Jane Austen, 1814 (who mentions Sir Walter Scott’s poetry in her own novel, Persuasion.)

Miss Austen may have had a point. Ivanhoe is a delightful read. It’s quicker and more exciting than his poetry, though somehow a little less satisfying from a technical point of view. On the other hand, by leaving behind the delights and challenges peculiar to verse, one can focus completely on the story. And what a surprise lays in store there for the unwary reader!

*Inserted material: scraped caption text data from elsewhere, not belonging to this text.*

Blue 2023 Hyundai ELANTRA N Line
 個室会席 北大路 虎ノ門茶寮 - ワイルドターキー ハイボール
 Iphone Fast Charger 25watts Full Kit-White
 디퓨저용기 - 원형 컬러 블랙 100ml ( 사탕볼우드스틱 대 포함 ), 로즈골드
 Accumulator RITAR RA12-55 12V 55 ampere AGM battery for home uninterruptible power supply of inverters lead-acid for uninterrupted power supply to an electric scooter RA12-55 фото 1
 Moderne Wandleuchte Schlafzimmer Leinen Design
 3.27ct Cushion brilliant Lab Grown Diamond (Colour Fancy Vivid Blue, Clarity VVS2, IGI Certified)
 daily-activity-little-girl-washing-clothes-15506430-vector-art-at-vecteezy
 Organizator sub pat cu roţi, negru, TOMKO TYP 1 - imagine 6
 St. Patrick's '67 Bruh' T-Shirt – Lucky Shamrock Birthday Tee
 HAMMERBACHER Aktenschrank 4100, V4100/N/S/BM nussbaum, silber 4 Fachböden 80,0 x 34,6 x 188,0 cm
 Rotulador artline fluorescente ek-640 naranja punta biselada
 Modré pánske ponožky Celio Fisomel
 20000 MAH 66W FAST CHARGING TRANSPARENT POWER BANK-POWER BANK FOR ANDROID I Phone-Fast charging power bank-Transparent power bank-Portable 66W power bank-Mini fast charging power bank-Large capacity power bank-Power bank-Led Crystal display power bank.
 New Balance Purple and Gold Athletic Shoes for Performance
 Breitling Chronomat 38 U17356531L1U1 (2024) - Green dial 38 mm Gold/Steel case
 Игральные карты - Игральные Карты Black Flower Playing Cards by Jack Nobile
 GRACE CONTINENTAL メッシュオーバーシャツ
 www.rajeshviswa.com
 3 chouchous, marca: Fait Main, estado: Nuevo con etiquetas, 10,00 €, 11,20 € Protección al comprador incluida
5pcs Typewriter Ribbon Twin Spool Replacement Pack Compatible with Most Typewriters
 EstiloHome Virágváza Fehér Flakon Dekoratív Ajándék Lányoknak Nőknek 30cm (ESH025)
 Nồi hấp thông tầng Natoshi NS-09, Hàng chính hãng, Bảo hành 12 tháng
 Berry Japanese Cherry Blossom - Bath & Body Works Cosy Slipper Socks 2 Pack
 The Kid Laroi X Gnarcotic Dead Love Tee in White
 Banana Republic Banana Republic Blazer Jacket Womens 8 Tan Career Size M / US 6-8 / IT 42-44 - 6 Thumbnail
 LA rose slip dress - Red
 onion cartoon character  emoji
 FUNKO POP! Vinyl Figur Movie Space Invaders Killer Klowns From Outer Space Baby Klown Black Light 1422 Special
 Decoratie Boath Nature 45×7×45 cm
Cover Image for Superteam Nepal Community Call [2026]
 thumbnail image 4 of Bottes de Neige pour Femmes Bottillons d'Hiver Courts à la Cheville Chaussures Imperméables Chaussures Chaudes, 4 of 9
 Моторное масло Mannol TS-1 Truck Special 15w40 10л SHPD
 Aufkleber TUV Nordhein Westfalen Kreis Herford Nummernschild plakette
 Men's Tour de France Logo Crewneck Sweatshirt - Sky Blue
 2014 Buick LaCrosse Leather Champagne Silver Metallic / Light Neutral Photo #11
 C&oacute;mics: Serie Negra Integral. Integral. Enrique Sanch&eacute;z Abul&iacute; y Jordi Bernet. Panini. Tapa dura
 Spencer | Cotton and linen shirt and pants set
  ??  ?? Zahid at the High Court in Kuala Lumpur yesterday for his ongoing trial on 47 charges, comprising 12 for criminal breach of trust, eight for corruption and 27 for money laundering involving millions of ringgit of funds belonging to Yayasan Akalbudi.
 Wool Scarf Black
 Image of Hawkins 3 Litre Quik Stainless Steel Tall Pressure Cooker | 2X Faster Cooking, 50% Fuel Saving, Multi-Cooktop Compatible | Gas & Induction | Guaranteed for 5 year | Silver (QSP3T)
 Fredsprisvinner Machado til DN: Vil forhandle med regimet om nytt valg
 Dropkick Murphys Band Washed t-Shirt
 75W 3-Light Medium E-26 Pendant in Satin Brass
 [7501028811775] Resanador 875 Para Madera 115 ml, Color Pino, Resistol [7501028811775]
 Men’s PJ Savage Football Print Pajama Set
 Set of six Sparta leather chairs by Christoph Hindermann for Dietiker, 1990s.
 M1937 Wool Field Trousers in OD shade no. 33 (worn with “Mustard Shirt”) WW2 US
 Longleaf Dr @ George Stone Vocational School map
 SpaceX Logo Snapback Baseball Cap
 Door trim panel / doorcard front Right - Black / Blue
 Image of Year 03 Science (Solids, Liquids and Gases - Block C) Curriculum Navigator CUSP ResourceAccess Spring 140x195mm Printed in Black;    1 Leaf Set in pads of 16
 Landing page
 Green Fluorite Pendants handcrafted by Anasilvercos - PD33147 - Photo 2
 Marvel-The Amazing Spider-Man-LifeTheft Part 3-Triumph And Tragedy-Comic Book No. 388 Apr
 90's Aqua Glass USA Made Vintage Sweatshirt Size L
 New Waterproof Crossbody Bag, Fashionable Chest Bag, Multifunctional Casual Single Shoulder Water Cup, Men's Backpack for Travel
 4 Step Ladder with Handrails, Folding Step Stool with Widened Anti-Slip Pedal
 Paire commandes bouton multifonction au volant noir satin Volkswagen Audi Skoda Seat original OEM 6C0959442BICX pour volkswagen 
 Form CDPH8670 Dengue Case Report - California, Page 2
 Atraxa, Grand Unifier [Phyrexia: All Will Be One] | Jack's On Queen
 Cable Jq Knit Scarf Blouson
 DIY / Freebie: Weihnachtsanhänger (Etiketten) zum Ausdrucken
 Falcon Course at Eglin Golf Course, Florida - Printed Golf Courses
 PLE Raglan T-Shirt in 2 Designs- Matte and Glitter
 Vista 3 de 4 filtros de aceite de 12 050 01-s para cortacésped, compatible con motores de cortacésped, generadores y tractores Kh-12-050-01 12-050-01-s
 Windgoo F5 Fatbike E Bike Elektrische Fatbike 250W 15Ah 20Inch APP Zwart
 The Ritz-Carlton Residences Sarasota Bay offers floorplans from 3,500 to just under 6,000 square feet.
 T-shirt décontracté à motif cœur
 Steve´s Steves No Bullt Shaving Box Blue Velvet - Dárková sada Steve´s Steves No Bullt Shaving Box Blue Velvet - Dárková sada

While the story is set in post-conquest England, amid the final struggles betwixt Norman and Saxon races, not to mention the doings of characters like Richard Coeur-de-Lion and Robin Hood, its real theme is antisemitism. The horrible treatment received by the two central Jewish characters, clearly not condoned by the author, incites sympathy and admiration for their strength under trial as well as disgust for the rest who perpetrate (or at least witness without protest) these atrocities. Even the conclusion seems purposefully unsatisfying, as if we are being left to question how much better might things have been without this terrible prejudice against Isaac and Rebecca.

Alfred Bunn, who “compiled” Ivanhoe into a three-act play shortly after its publication, may have had the right of things when he titled his version Ivanhoe; or, the Jew of York. He at least perceived who was the true hero of the narrative — or the father of the heroine. It also makes me wonder about the state of antisemitic feeling in 1820s England. I know there was a great deal of it towards the end of the 19th century, but Scott at least seems to have felt otherwise at the beginning. Not that he was completely free from the ugly stereotypes of the time of course, or that the book doesn’t contain many things that would surely offend today, but his sympathies were unquestionably engaged.

Rebecca

Here, in an early illustration, we see the brave and beautiful “Jewess” about to prove her mettle by jumping from a turret to avoid a fate worse than death.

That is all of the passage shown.